著者曰く、〈"ストレスを言い訳にビジネスマンが引き起こす犯罪"は、もはやひとつのジャンルとして定着している〉のだとか。
仕事一筋の完璧主義な人ほど会社でのストレスをうまく解消できずに、犯罪に走ってしまう。

ビジネスマンのしくじりを数多く見てきた著者は、第2章「法廷の人に学ぶビジネスマン処世術」で、〈作られた完璧さは意外にもろい〉と、新たな理想のビジネスマン像を掲げる。
ここでモデルとなるのが、裁判長だ。裁判長=清廉潔白とすぐイメージされるのと同様に、リーダーシップや正直さなど自分のトレードマークとなりそうな、身の丈に合った長所を一つ選ぶ。
その長所を磨き上げて社内の尊敬を集める名物キャラとなることで、欠点も愛嬌に変えてしまうという無理のないキャラ作りが本書では提案される。

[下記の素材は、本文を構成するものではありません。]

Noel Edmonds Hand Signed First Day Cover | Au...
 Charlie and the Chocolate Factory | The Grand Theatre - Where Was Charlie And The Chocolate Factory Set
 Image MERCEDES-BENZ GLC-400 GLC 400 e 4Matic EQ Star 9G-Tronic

それだけではない。被告人の反省の涙に学ぶ、上司が味方になってくれる泣き方。裁判員裁判を教材とした上手な会議の進め方など、裁判から学べることはたくさんある。

裁判での「負け方」から学ぶビジネスの鉄則


中でも、被告人に学ぶ端的な答え方正しい言い訳は、すぐに実践できるのでおススメ。


動かしがたい証拠のある裁判というのは、いうなれば負け試合である。
それにもかかわらず、窃盗について〈気がついたらバッグに品物が入っていまして〉と弁解をする者もいれば、大麻を吸って〈冗談のつもりだった〉とか、人をメッタ刺しにして〈殺す気はなかった〉と言う者もいる。
逮捕される前だけでなく、された後も言い訳をする人は多いのだ。

著者はそんな言い訳する犯人の心理を、「必死」だからだと分析する。
検察に問い詰められた被告人は黙っていると重罪に処されるのではないかとビビり、判断力が鈍った状態で何とかしようとするがために、妙な言い訳をしてしまう。
だがそれに耳を貸す裁判官なんて皆無、〈裁判で被告人の言い訳が功を奏した場面を見たことがない〉。
検察には潔く罪を認め、言いたいことは弁護士質問で無駄なく伝え、挽回を図る。そうした〈寡黙な被告人が、執行猶予を勝ち取る場面はたびたび目にしてきた〉という。

この状況を仕事でのミスの申し開きに置き換えてみると、ビジネスマンに留まらず、あらゆる職業の人にとって裁判が他人事ではなくなるはず。
本書を読んでまずは、〈家でも職場でも一切言い訳しないと決め、一週間それを守る〉から実践開始だ。